In the Case-Shiller index, the median home price in January, 2000 is equal to 100. The index isn't adjusted for inflation.
Home prices continued to creep upward in June, even as a bunch of other indicators this summer have suggested trouble in the housing market.
Prices rose 1 percent between May and June, and 4 percent over the previous year, according to this morning's Case-Shiller numbers.
It's a reminder of how sticky home prices are: People who are selling can often afford to be patient, waiting through a soft market to hold out for a higher price.
But there's a limit.
There's a year's worth of existing homes on the market — about twice as much as normal. That's a lot of homeowners biding their time. The oversupply suggests that, at some point, prices will start falling again.
In a note this morning, Ian Shepherdson of High Frequency Economics wrote that another small gain is possible for July, "but we expect sharp declines beginning in August."
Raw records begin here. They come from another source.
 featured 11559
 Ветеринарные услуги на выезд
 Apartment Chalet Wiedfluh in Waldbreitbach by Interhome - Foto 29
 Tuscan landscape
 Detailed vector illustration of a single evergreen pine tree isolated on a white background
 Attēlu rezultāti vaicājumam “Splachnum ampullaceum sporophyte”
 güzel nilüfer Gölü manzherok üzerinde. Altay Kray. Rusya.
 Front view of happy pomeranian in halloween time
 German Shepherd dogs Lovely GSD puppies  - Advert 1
Here's how S&P put it, when it released the Case-Shiller numbers today:
Housing prices have rebounded from crisis lows, but other recent housing indicators point to more ominous signals as tax incentives have ended and foreclosures continue.
Between May and June, prices rose in 17 out of the 20 metro areas Case-Shiller tracks. Vegas was down slightly, and prices were flat in Seattle and Phoenix.